Posted in Student Leaders Worker Justice DC

Read Julia Hubbell’s reflections on her time leading our 2012 Worker Justice DC alternative break trip.

“Never doubt that a small group of thoughtful, committed citizens can change the world. Indeed, it is the only thing that ever has. ” — Margaret Mead
Between the picket lines and the posters, the committee meetings and the early morning coffee runs, this is the essential lesson of the Kalmanovitz Initiative. A small group of thoughtful, committed citizens on Georgetown campus are coming together to discover the method by which they can become agents of change. “Go forth and set the world on fire,” as St. Ignatius said.

The Kalmanovitz Initiative sponsored an Alternative Spring Break for just such a group of Georgetown students. I had the good fortune to participate, and it was transformative.

Sixteen other students and I spent the week engaging with the community of DC in order to better understand its history and its needs. For those unfamiliar with it, I suggest a trip to BloomBars—a Colombia Heights-based initiative to provide an open space for the neighborhood to meet, with free lessons in guitar, arts and crafts for kids, and a drum circle. It boasts purple walls and a boat in the ceiling (yes, in—don’t ask me how).

We also had the chance to meet with representatives from the Department of Labor, the AFL-CIO, the Senate Health, Education, Labor, and Pensions committee, think tanks such as the Economic Policy Institute, and the National Labor Relations Board. There is no doubt that the lessons and experiences of these people helped us understanding of the complexity of labor.

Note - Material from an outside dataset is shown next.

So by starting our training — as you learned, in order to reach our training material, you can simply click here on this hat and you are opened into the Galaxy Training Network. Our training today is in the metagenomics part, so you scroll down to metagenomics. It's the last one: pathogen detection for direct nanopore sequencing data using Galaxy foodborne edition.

And yet, with all of these people in all these official positions—each of whom was an inspiring example of a life of service—yet even still, the best experience was direct action and direct interactions.  We traveled one morning to speak with the day laborers outside a local Home Depot. It was the coldest day in a while, with little white flakes sprinkled here and there, and after fifteen minutes, I wanted to go back in the car. But we stayed because the men stayed, rain or snow or shine, to scrape a living from the dregs of the construction industry. I met a man from Guatemala who had been in America for fifteen years and was still standing on this corner, looking for obliging contractors to hire him. What was so broken, I asked myself, that fifteen years wasn’t sufficient to create the American Dream? We talked to the recently unionized workers from our campus dining hall, who had just signed a contract after a long fight. How can a fifty cent raise be so deeply divisive?

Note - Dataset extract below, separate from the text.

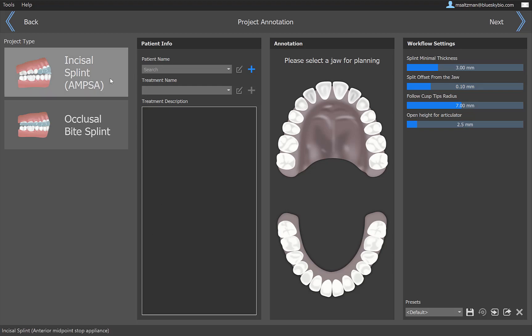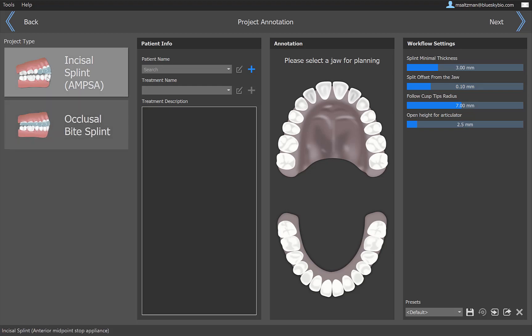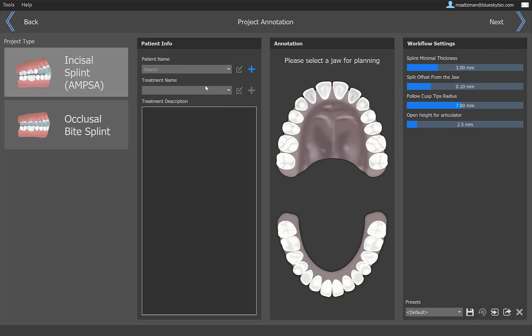Now we're at the start screen to design the splint. We have two process flows that currently exist. The main difference between the process flows is the first one includes an anterior deprogrammer, and we could see that in the little image that we have here, and the second one does not. So we're going to choose the process flow for the anterior deprogrammer. What we've also incorporated more and more throughout the Blue Sky Bio Digital products is the concept of patient and treatment. We want to keep the data organized by patients, so it'll be more organized for you in your Blue Sky Bio Digital account, and by the treatment.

These are the questions we encountered on the trip, and I’m sorry to tell you we didn’t find the answers. Maybe, however, it is because the answers aren’t out there to be found. Maybe we have to create them. The best thing the trip did for us, better than the meetings and the panels and the (sometimes free) cupcakes, was the motivation to create solutions where there weren’t any.  We want to be those agents of change. We hope to go and set the world on fire, and thanks to the Kalmanovitz Initiative, we now have the tools to do that.